Below is a listing. Return the lines from the one that contains "<p>John Holdren talking" to the one that contains "Es gibt sie", both ends included, verbatim and with no pictures.

• _DATASET RECORDS_:
= Beginning of Section =
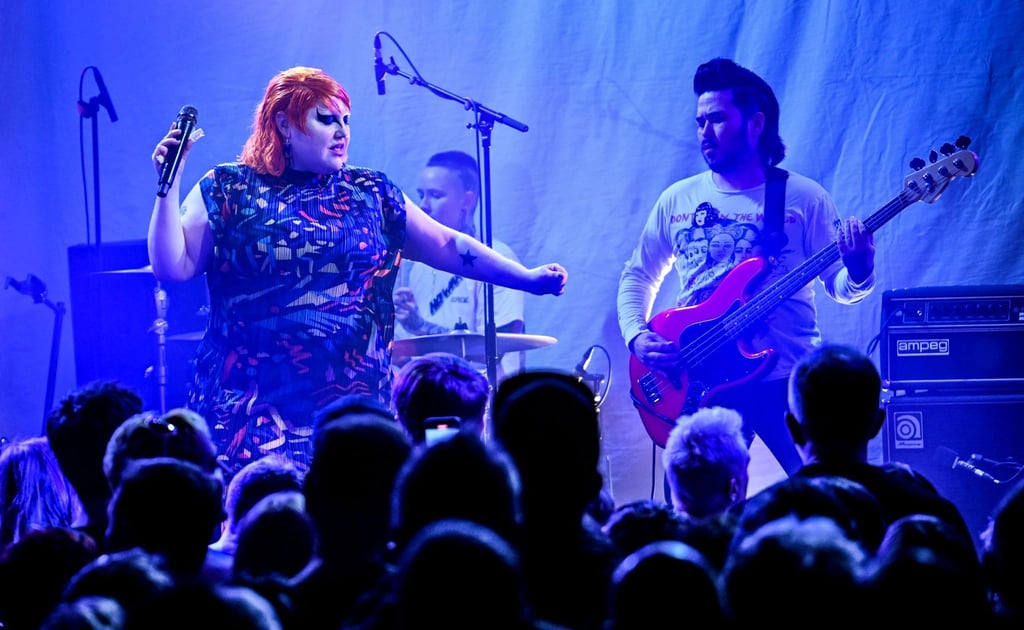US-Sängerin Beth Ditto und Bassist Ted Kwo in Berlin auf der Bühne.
= End of Section =
= Beginning of Section =
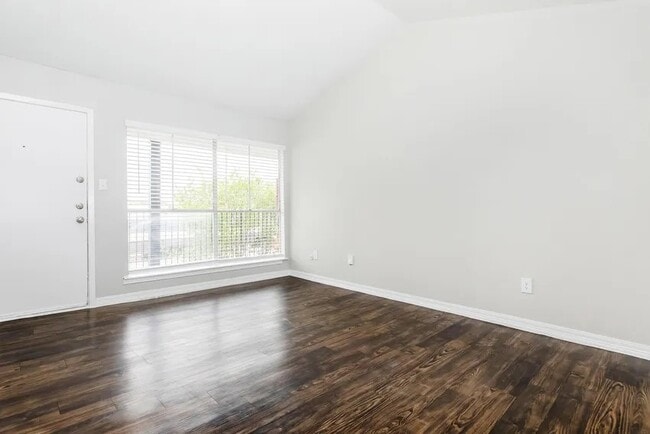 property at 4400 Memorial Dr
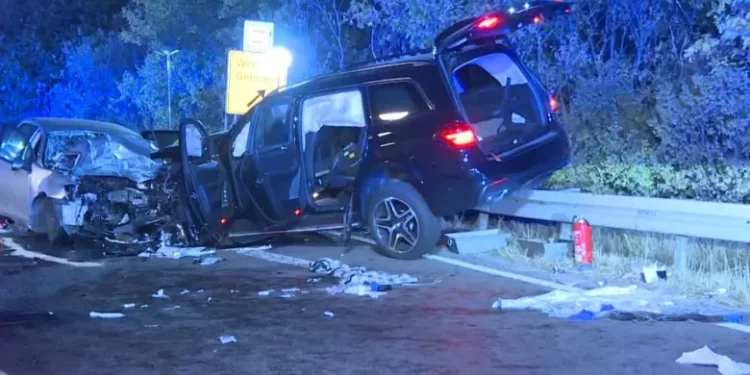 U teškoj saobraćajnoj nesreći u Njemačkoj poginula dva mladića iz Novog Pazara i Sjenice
= End of Section =
= Beginning of Section =
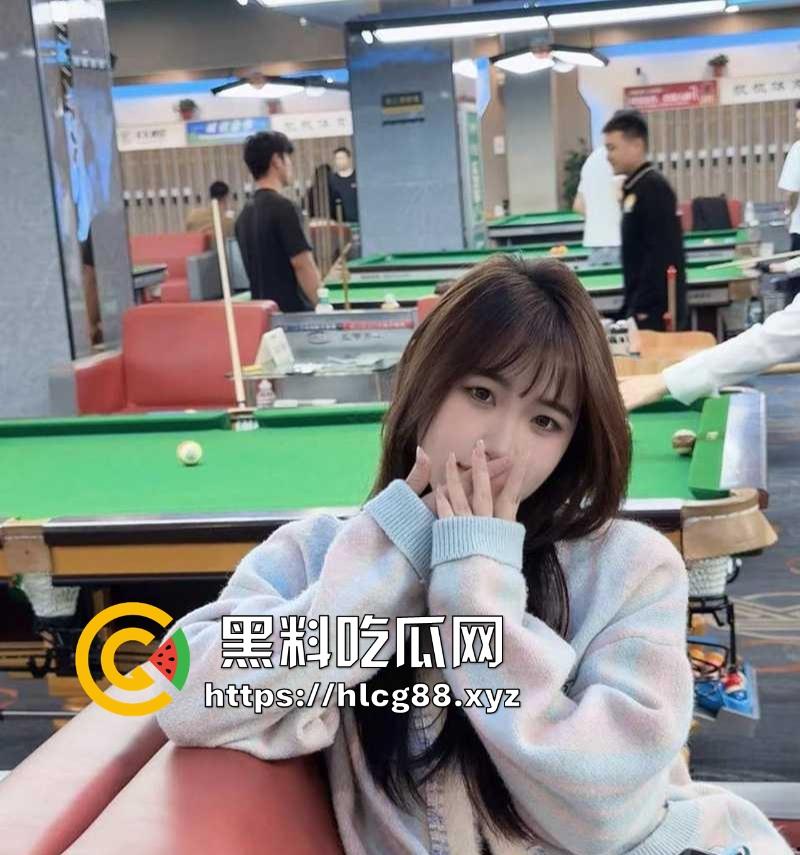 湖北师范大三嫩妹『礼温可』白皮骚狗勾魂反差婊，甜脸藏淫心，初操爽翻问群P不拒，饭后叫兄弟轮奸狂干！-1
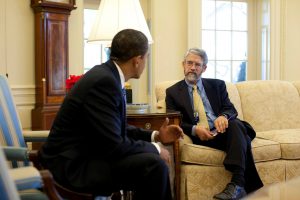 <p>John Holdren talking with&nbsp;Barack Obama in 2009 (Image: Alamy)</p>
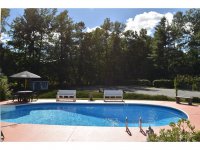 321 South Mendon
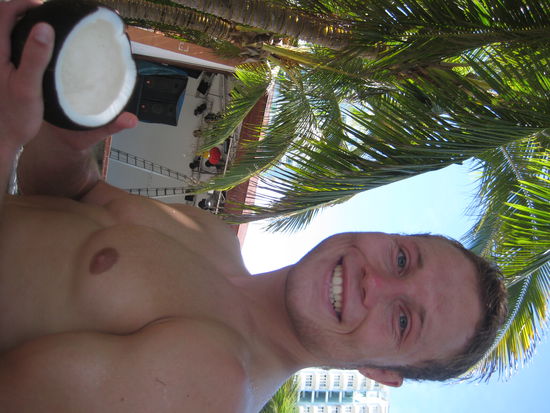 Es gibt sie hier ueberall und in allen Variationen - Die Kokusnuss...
= End of Section =
• _PROBLEM SOLUTION_:
 <p>John Holdren talking with&nbsp;Barack Obama in 2009 (Image: Alamy)</p>
 321 South Mendon
 Es gibt sie hier ueberall und in allen Variationen - Die Kokusnuss...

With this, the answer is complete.